**EXERCISE**: Could you return each line from the one bearing "Zooming in …" through the last line of the entries, exactly as it stands, with no pictures?

**DATA FOR PROCESSING**:
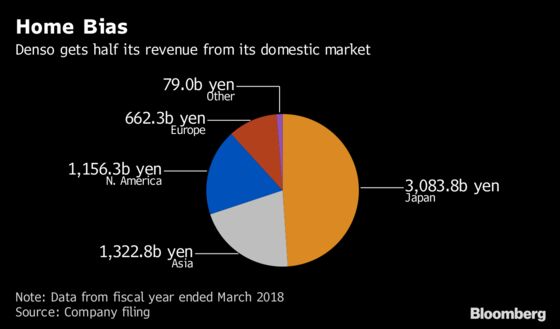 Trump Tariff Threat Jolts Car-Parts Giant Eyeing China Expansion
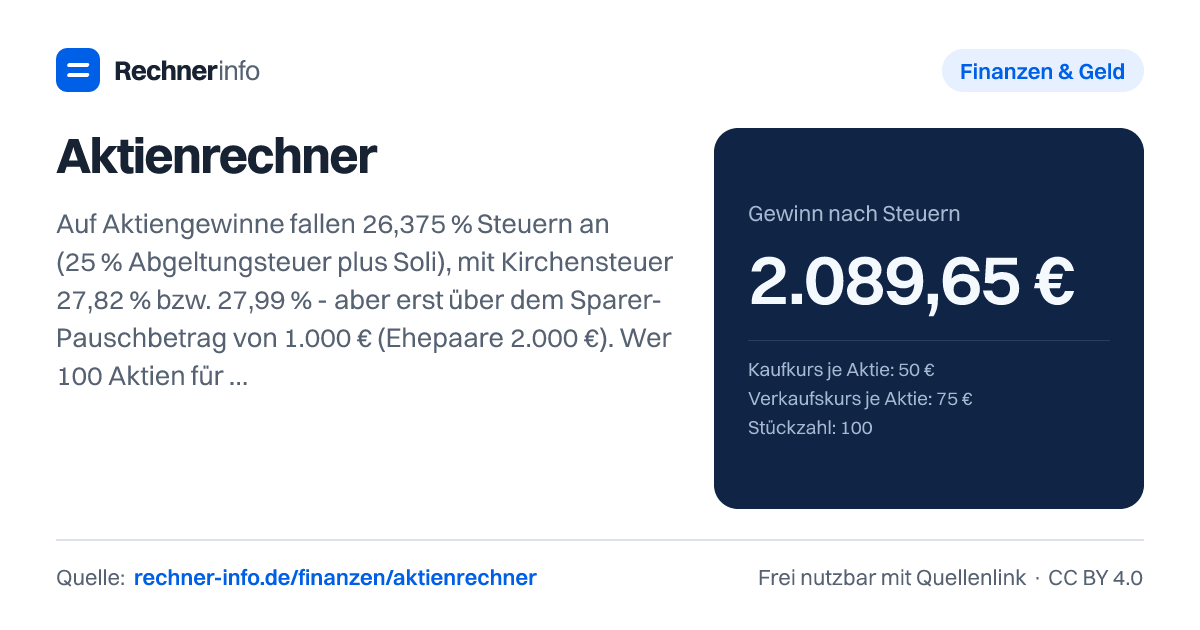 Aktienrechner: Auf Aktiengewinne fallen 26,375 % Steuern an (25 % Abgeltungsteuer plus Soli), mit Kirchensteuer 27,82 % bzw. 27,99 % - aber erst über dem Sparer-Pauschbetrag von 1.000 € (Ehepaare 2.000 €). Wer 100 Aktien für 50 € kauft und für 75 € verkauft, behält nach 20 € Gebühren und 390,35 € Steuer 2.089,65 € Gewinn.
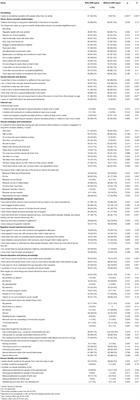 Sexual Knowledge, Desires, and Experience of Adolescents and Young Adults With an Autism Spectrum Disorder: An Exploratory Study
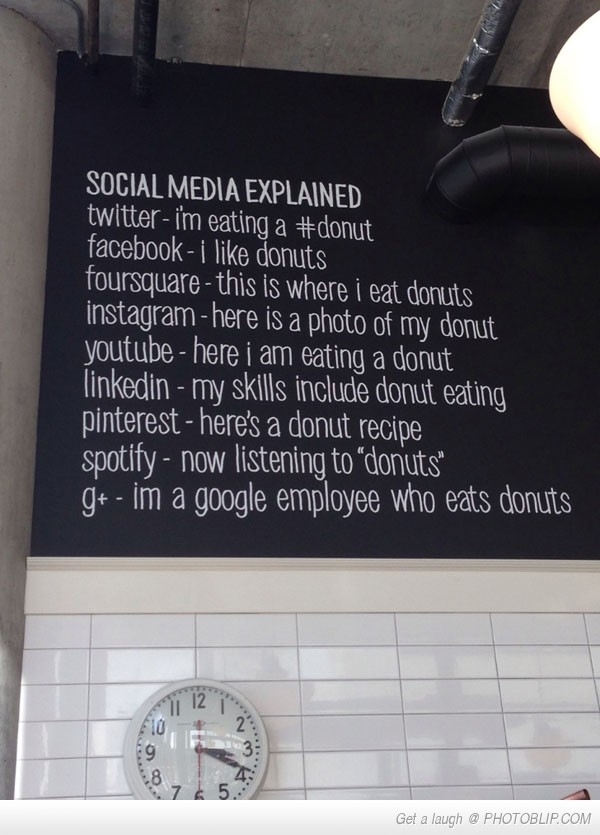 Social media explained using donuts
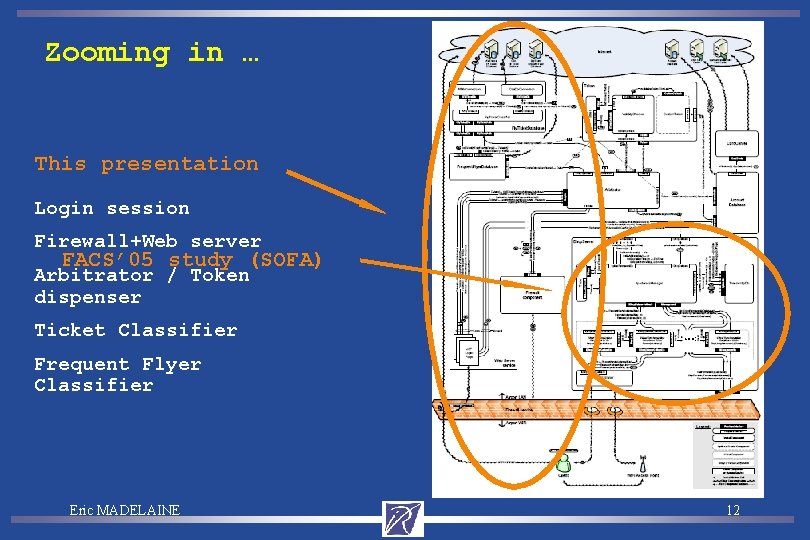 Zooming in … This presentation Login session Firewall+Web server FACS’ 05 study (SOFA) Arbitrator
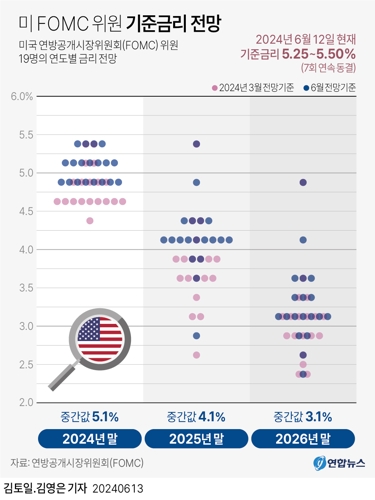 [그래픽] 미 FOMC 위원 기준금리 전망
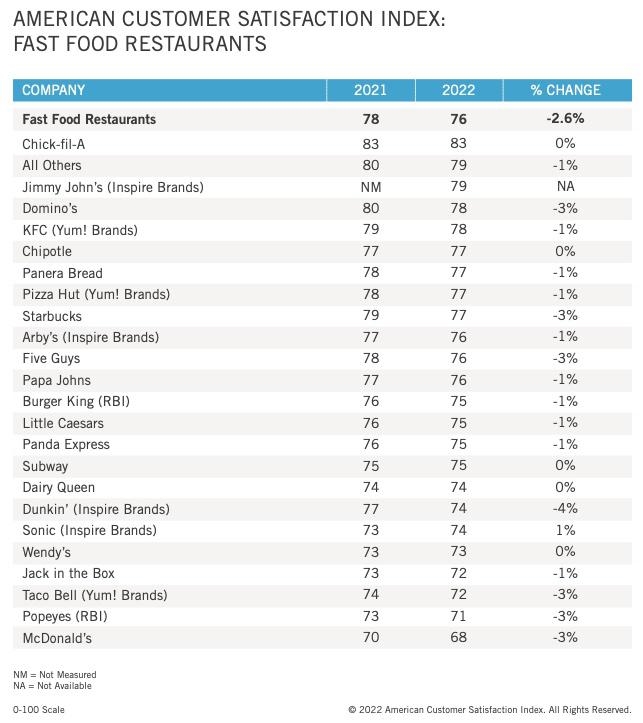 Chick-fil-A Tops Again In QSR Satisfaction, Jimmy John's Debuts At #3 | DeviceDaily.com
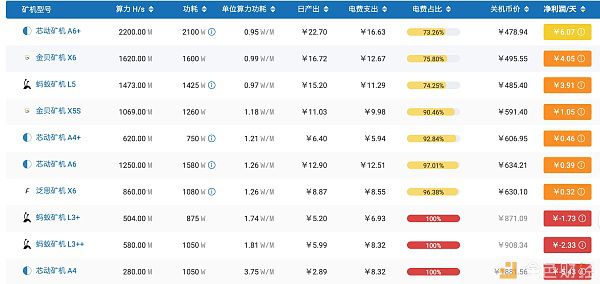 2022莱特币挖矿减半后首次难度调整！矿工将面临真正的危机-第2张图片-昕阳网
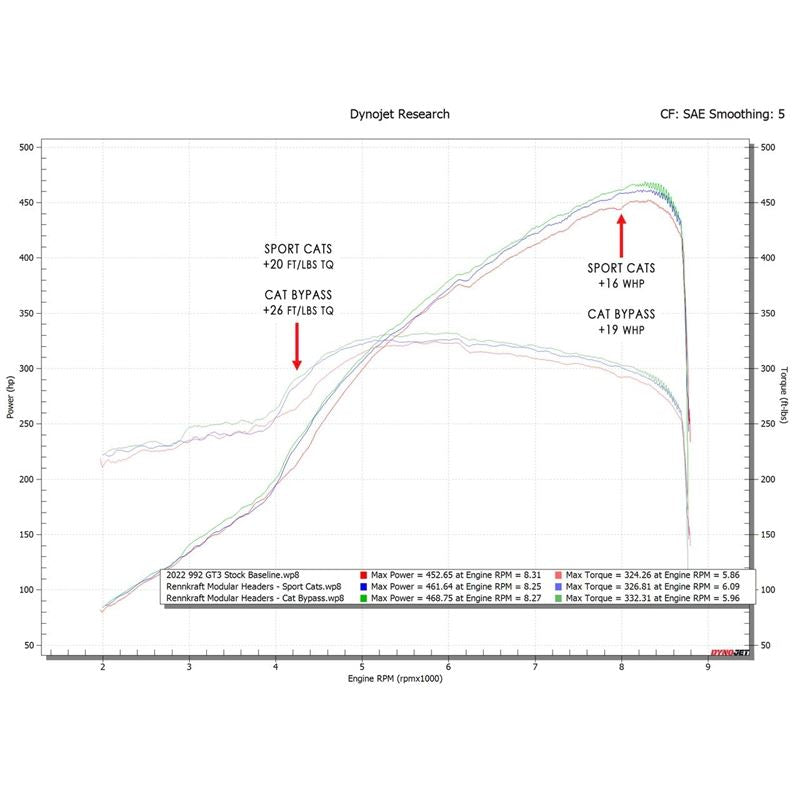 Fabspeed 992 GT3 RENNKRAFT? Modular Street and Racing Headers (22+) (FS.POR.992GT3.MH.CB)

**ANSWER SECTION**:
 Zooming in … This presentation Login session Firewall+Web server FACS’ 05 study (SOFA) Arbitrator
 [그래픽] 미 FOMC 위원 기준금리 전망
 Chick-fil-A Tops Again In QSR Satisfaction, Jimmy John's Debuts At #3 | DeviceDaily.com
 2022莱特币挖矿减半后首次难度调整！矿工将面临真正的危机-第2张图片-昕阳网
 Fabspeed 992 GT3 RENNKRAFT? Modular Street and Racing Headers (22+) (FS.POR.992GT3.MH.CB)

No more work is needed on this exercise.